Whether someone is satisfying a want or avoiding a pain, buying and selling is about individual people getting what they want. This week we’ll explore some core similarities between B2C and B2B environments and the implications for designing a sales process. Next week, we’ll dive into some of the differences that make B2B unique.

The Universal Principle of the Customer’s Journey Freedom for people to pursue their own lives is a prerequisite of civilized society. It is fundamentally right for them to pursue happiness. Success requires them to find ways of solving their problems (both personally and professionally).

It is fundamentally right for other people to be uninterested in your product or service. If you wish to influence them, you must give them a reason to give you their attention, their time, their information, and ultimately (if that is your goal) their money.

That sequence, by the way, is essential. It reveals a powerful way of looking at the situation, called the “Customer’s Journey.”* This term describes the stages they go through as they realize pain, discover and prioritize the problem, and go about finding a solution. It enables you to understand “where” the prospect is in their problem-solving journey. This is crucial, because it explains the reason for the single most common problem in any sales process (in both B2C and B2B environments): trying to get people to do things they are not ready to do.

Here is a simple event that happens regularly in the business world:

1)  A salesperson contacts a prospect to tell them about their product in the hope of making a sale.
2)  The prospect resists the salesperson, wishing to avoid a boring and irrelevant presentation.

In the best, zero value was created in this event.  More likely of course, negativity results because it causes the prospect to dislike the salesperson and the company they represent.

The problem happens because the prospect is NOT READY to hear about the product. They probably didn’t know they had the problem the product could solve. The company whose advertisements or salespeople ignorantly plunge ahead gets what they deserve. Long ago, a sales manager told me. “If you want to sell the solution, you have to sell (or find) the problem first.” Boy was he right!

What the Buyer Wants
If people have identified a problem they want to solve, they face a dilemma: making the right decision to solve it. Think about how you feel when buying something important.

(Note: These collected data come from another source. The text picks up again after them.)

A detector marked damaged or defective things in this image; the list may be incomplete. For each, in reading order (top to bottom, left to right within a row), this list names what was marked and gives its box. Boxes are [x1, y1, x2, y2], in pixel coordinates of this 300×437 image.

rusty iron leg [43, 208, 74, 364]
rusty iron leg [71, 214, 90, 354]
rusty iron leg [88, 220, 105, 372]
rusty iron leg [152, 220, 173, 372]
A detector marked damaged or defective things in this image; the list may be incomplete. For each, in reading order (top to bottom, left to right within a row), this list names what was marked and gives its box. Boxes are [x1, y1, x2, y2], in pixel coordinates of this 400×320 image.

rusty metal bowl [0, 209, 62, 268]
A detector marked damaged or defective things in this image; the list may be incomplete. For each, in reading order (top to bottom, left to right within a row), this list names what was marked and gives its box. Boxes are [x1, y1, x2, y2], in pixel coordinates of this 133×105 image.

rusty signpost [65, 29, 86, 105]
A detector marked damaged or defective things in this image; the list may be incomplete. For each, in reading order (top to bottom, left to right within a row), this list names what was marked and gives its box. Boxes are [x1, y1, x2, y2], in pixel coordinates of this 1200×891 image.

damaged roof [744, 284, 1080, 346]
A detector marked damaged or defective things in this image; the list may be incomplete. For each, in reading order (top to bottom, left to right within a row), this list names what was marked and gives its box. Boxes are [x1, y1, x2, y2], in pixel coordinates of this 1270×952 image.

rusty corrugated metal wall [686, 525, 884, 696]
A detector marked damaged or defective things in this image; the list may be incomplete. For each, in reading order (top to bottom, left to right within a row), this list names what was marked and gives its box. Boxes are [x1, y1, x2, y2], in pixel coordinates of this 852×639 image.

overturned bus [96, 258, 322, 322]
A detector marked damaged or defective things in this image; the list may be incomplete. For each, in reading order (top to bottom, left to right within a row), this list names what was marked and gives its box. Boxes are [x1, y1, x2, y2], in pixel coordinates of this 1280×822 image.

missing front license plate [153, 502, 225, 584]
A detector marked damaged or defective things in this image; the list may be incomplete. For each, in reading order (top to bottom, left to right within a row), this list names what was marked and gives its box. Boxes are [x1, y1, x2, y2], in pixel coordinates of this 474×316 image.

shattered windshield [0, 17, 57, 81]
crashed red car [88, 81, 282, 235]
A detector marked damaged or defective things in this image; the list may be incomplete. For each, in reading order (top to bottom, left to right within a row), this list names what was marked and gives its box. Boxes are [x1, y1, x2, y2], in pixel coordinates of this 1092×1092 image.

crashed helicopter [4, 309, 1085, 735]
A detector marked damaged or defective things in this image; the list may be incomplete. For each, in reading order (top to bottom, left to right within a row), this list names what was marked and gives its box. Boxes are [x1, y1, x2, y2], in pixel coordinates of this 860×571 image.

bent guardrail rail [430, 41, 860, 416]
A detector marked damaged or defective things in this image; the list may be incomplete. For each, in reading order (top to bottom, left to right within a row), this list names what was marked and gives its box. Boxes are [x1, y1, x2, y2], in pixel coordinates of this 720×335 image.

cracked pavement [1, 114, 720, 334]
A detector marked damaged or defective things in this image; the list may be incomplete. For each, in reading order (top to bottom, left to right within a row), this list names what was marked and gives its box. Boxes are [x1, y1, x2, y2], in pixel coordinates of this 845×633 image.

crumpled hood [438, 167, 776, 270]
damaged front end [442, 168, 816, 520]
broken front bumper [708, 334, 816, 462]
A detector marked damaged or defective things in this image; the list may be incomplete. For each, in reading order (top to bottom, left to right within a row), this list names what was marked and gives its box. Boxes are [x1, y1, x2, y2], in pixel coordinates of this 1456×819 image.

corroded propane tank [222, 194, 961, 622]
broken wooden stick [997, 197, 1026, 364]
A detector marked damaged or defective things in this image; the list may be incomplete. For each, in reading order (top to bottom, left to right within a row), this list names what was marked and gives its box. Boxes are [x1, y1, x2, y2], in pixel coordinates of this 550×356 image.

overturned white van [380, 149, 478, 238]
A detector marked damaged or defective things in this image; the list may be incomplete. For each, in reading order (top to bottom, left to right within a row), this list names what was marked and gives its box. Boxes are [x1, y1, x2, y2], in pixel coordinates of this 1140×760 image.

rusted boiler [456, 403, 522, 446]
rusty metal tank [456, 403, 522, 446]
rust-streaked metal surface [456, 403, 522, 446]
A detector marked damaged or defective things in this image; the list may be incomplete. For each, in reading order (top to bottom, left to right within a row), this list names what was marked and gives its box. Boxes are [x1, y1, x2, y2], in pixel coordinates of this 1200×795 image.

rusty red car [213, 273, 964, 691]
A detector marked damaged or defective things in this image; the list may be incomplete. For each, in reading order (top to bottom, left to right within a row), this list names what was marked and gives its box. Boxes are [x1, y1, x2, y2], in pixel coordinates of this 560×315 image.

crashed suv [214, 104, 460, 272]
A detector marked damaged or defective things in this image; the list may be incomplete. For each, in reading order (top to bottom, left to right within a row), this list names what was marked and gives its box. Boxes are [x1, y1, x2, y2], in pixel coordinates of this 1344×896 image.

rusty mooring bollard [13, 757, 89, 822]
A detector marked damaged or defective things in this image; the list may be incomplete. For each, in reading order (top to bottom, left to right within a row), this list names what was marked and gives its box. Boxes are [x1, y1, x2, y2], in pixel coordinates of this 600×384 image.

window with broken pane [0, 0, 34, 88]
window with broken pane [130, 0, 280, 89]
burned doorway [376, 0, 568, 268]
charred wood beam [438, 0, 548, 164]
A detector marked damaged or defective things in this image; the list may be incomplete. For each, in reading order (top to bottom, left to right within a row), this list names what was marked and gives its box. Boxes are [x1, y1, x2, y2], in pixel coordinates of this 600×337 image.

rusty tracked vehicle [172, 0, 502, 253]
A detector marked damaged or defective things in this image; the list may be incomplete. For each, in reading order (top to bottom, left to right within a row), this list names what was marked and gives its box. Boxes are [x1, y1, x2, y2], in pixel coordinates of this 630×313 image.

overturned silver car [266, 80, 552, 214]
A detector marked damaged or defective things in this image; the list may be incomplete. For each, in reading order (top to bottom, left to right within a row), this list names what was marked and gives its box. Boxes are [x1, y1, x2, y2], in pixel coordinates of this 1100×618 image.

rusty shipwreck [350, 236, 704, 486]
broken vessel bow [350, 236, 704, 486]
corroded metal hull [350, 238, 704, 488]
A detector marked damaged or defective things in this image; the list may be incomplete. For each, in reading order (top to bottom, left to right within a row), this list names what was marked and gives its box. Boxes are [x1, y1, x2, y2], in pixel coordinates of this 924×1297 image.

Chances are, before you decide to pull the trigger you would prefer that a number of things be in place:

1)  You want to be satisfied that your problem (and its solution) is correctly identified
2) You want to be confident of your value judgments, including
     A. How you and others you know will feel about the decision, and      
     B. Whether it is worth the asking price
3)  You want to be confident that you have not missed anything important, that the chances of making a mistake are low
4)  You want to be ready; the timing of the deal needs to make sense to you

Now, put yourself in the shoes of the salesperson trying to help you make your decision. To be effective, such a salesperson needs to give you what you want, including

1)  Information to help the prospect understand or confirm their assessment of the problem and the solution
2) Value-oriented rationale, including emotional and logical information (such as ROI, what success will look and feel like, and perhaps competitive comparisons)
3)  Information that proves you are credible and trustworthy (such as testimonials, third-party evidence, and guarantees)
4)  Reasons to act now; urgency (can originate from either the buyer or the seller)

This description outlines the way sellers and buyers work together. It shows that selling is actually a service you extend to the market to help customers buy. Further, it demonstrates another principle of effective sales process design: everything you do to find, win, or keep customers must create value for them.

Motivation Comes from Within Other People
Supply and demand shifts power and control in the market. If people already want to buy lots of what you sell, buying might be a much bigger problem than selling.

In years gone by, companies only needed to place bulletin boards or advertisements, and the simple
availability of the information caused orders to come in. Nowadays, markets are characterized by oversupply of products and services. Sellers must work far harder to win the customers they want. The only way to influence people is to find something they want and a way to give it to them. This could be information and assistance, but it also certainly means truth and trust. To quote a famous line from Cicero, the Roman orator:

     “If you are to persuade me, you must feel my feelings, think my thoughts, and speak my words.”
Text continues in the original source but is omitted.